→ **Stored data**:
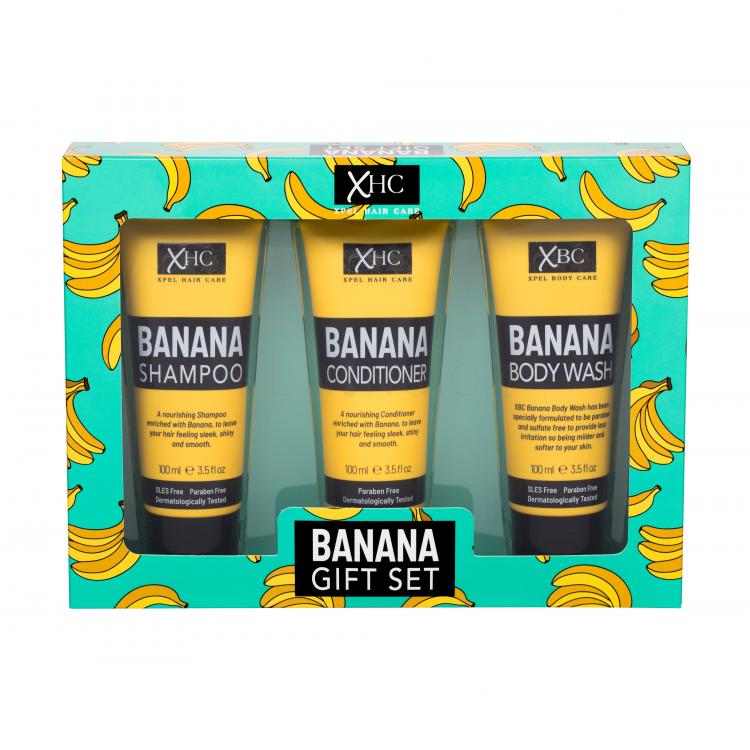 Xpel Banana Dárková kazeta šampon 100 ml + kondicionér 100 ml + sprchový gel 100 ml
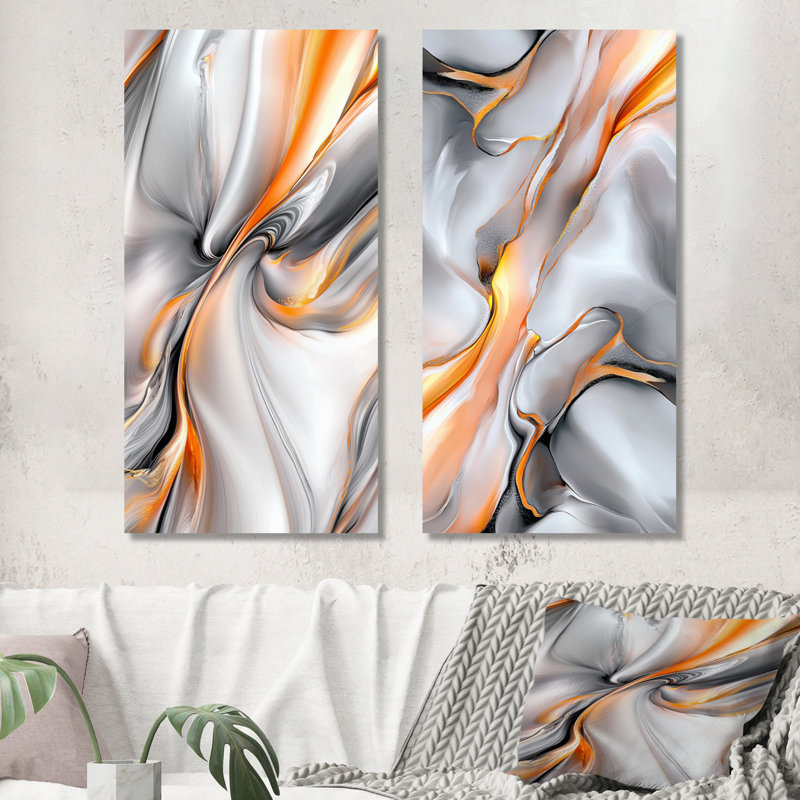 Marbre ascendant orange clair et gris - ensemble d'art mural moderne en métal sur 2 - imprimé sur métal, 32" H x 32" W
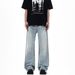 Men's Clothing Retro Washed Blue Flared Jeans High End Design Niche Simple Versatile Casual Pants_mkmklike.com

→ **Aim of the exercise**:
None of the pictures should be reproduced; all other material above must be set down exactly.

→ **The completed task**:
 Xpel Banana Dárková kazeta šampon 100 ml + kondicionér 100 ml + sprchový gel 100 ml
 Marbre ascendant orange clair et gris - ensemble d'art mural moderne en métal sur 2 - imprimé sur métal, 32" H x 32" W
 Men's Clothing Retro Washed Blue Flared Jeans High End Design Niche Simple Versatile Casual Pants_mkmklike.com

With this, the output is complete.